GOAL OF THE EXERCISE: Keep to one stretch of the data below, the lines from the one with "anillo de partículas" up to and including the one with "Sandro Tweed Cropped Waistcoat In Beige", and return that stretch exactly.

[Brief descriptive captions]

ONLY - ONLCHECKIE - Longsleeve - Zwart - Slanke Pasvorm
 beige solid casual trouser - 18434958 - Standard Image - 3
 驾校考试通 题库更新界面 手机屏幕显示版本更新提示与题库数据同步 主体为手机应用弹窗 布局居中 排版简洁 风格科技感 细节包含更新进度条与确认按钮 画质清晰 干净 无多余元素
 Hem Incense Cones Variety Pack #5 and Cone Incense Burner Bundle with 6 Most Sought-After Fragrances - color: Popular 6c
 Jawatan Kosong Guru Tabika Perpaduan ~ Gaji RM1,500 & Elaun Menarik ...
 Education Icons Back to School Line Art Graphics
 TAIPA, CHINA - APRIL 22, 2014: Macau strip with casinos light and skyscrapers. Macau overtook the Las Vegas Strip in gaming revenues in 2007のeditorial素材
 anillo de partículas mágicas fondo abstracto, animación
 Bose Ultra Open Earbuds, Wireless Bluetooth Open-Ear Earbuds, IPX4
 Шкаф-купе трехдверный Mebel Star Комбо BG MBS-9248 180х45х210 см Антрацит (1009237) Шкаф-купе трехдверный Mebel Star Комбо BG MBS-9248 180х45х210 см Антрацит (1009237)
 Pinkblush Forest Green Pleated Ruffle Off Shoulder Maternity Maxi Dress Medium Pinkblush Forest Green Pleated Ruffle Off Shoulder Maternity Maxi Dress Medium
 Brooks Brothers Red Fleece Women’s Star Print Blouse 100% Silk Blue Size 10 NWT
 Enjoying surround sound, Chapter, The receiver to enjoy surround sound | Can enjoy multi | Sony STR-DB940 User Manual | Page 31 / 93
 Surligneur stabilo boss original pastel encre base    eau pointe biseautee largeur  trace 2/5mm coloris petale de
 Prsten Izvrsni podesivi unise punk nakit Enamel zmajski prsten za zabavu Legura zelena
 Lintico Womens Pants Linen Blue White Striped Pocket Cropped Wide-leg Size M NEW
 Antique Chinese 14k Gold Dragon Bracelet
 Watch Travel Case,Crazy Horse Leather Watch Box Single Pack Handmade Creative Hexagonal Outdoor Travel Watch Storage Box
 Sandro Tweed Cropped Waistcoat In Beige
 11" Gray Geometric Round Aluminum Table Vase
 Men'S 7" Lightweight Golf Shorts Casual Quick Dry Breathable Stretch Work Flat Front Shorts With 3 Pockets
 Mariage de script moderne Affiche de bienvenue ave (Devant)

SOLUTION TO THE EXERCISE:
 anillo de partículas mágicas fondo abstracto, animación
 Bose Ultra Open Earbuds, Wireless Bluetooth Open-Ear Earbuds, IPX4
 Шкаф-купе трехдверный Mebel Star Комбо BG MBS-9248 180х45х210 см Антрацит (1009237) Шкаф-купе трехдверный Mebel Star Комбо BG MBS-9248 180х45х210 см Антрацит (1009237)
 Pinkblush Forest Green Pleated Ruffle Off Shoulder Maternity Maxi Dress Medium Pinkblush Forest Green Pleated Ruffle Off Shoulder Maternity Maxi Dress Medium
 Brooks Brothers Red Fleece Women’s Star Print Blouse 100% Silk Blue Size 10 NWT
 Enjoying surround sound, Chapter, The receiver to enjoy surround sound | Can enjoy multi | Sony STR-DB940 User Manual | Page 31 / 93
 Surligneur stabilo boss original pastel encre base    eau pointe biseautee largeur  trace 2/5mm coloris petale de
 Prsten Izvrsni podesivi unise punk nakit Enamel zmajski prsten za zabavu Legura zelena
 Lintico Womens Pants Linen Blue White Striped Pocket Cropped Wide-leg Size M NEW
 Antique Chinese 14k Gold Dragon Bracelet
 Watch Travel Case,Crazy Horse Leather Watch Box Single Pack Handmade Creative Hexagonal Outdoor Travel Watch Storage Box
 Sandro Tweed Cropped Waistcoat In Beige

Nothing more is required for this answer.